A lo mejor mi madre y Morelli tenían razón. A lo mejor debería buscar otro tipo de trabajo. O a lo mejor no debía trabajar en nada. A lo mejor tendría que casarme con Morelli y hacerme ama de casa, como mi perfecta hermana Valerie. Podría tener un par de niños y pasarme la vida coloreando en sus cuadernos de dibujo y contándoles cuentos de trenecitos de vapor y de ositos.

– Podría ser divertido -le dije a Lula-. Me gustan los trenecitos de vapor.

– Por supuesto -dijo Lula-. ¿De qué coño estás hablando?

– De cuentos infantiles. ¿No recuerdas el del trenecito de vapor?

– Yo no tenía libros de pequeña. Y si hubiera tenido alguno no habría sido sobre trenecitos de vapor…, habría sido sobre una cucharilla de crack.

Crucé Broad Street y volví a meterme en el Burg. Quería hablar con Angela Marguchi y tal vez echarle un vistazo a la casa de Eddie. Por lo general podía contar con la colaboración de los familiares y amigos del fugitivo para que me ayudaran a atraparle. En el caso de Eddie me daba la impresión de que no iba a ser así. Sus amigos y familiares no tenían mentalidad de chivatos.

Aparqué delante de la casa de Angela y le dije a Bob que sólo tardaría un minuto. Lula y yo estábamos a mitad de camino de la puerta de Angela cuando Bob se puso a ladrar en el coche. A Bob no le gustaba que le dejaran solo. Y sabía que lo del minuto no era del todo cierto.

– Chica, cómo ladra de alto ese Bob -dijo Lula-. Me está empezando a dar dolor de cabeza.

Angela asomó la cabeza por la puerta de su casa.

– ¿Qué es todo ese ruido?

– Es Bob -dijo Lula-. No le gusta que le dejen en el coche.

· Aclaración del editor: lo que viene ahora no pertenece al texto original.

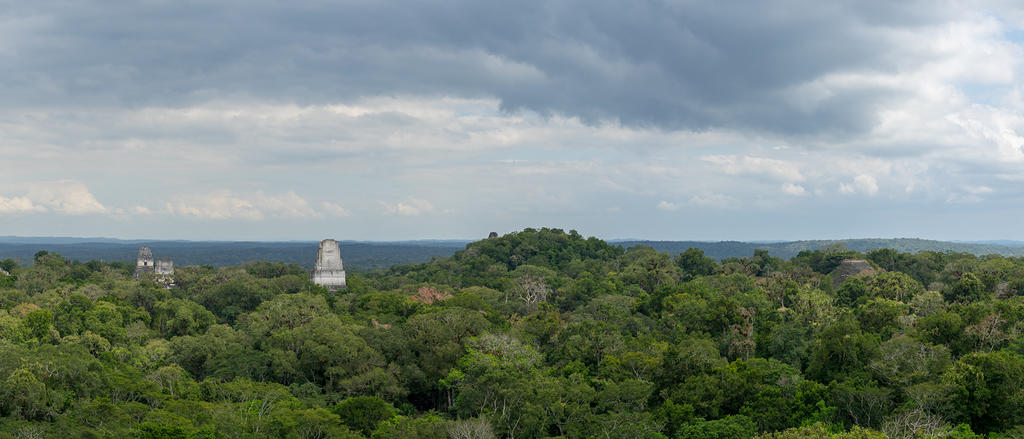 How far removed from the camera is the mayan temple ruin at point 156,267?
7600 cm

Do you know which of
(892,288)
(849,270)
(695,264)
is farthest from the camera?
(695,264)

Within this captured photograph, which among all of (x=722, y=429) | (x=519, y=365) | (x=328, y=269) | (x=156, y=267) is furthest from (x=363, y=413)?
(x=156, y=267)

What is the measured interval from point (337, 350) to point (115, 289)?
101ft

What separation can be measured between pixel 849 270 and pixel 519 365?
49110mm

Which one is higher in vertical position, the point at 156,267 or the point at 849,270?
the point at 849,270

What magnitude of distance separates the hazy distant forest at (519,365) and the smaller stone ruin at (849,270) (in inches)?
472

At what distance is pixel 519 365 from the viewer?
3588 cm

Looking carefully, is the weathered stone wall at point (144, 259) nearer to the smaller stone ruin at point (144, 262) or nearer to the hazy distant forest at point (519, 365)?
the smaller stone ruin at point (144, 262)

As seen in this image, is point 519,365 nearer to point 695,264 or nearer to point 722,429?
point 722,429

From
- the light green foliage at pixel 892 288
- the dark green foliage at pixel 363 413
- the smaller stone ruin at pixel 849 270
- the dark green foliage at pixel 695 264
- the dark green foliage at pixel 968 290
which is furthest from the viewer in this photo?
the dark green foliage at pixel 695 264

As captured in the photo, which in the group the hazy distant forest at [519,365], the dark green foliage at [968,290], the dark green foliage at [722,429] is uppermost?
the dark green foliage at [968,290]

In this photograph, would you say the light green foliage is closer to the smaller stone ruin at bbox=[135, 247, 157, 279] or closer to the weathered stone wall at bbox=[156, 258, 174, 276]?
the weathered stone wall at bbox=[156, 258, 174, 276]

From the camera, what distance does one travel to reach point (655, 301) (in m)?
55.8

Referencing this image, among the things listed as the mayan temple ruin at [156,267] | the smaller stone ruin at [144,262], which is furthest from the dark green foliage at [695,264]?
the smaller stone ruin at [144,262] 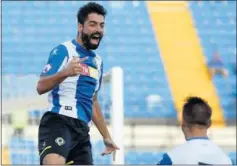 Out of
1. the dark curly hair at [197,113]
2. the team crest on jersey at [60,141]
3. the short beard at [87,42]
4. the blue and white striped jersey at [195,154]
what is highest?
the short beard at [87,42]

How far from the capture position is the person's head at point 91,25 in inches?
147

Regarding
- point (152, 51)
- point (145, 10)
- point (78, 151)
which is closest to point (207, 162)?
point (78, 151)

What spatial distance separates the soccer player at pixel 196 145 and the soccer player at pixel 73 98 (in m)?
0.88

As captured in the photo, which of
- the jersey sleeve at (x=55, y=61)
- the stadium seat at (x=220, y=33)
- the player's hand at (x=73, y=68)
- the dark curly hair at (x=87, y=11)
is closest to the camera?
the player's hand at (x=73, y=68)

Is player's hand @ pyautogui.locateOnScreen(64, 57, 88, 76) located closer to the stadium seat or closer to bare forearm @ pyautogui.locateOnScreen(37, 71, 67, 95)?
bare forearm @ pyautogui.locateOnScreen(37, 71, 67, 95)

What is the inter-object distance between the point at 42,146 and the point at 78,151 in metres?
0.23

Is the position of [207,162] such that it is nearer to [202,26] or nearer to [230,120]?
[230,120]

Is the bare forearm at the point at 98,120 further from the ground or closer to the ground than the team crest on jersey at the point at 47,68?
closer to the ground

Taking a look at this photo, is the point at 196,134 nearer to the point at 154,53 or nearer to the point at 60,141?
the point at 60,141

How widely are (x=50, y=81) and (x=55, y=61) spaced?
19 cm

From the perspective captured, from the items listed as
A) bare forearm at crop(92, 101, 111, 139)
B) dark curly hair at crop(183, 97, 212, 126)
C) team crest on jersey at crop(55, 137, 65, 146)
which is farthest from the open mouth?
dark curly hair at crop(183, 97, 212, 126)

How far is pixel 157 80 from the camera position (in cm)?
1366

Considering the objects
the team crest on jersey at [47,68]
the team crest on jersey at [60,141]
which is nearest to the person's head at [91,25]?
the team crest on jersey at [47,68]

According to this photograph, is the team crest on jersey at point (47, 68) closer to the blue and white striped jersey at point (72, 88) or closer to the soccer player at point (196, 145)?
the blue and white striped jersey at point (72, 88) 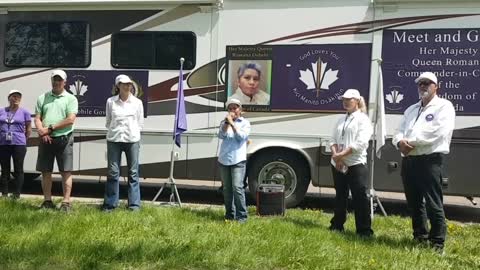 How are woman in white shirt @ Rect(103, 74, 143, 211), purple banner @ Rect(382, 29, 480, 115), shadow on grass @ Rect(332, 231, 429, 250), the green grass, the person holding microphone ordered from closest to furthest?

La cara de Angela se iluminó.

– ¡Un perro! Qué monada. Me encantan los perros.

Lula abrió la puerta del coche y Bob salió disparado. Corrió hasta Angela, le puso las patas en el pecho y la tiró al suelo de culo.

– No se ha roto nada, ¿verdad? -preguntó Lula levantando a Angela.

– No lo creo -dijo Angela-. Tengo un marcapasos que me mantiene en marcha y las caderas y las rodillas de acero inoxidable y Teflón. Sólo tengo que tener cuidado de que no me caiga un rayo ni me metan en un microondas.

Imaginar a Angela metida en un microondas me hizo pensar en Hansel y Gretel, que se enfrentaron a un horror semejante. Y esto me llevó a pensar en lo poco fiables que son las miguitas de pan para marcar caminos. Y eso me llevó a la deprimente conclusión de que yo estaba aún peor que Hansel y Gretel, porque Eddie DeChooch ni siquiera había dejado miguitas de pan.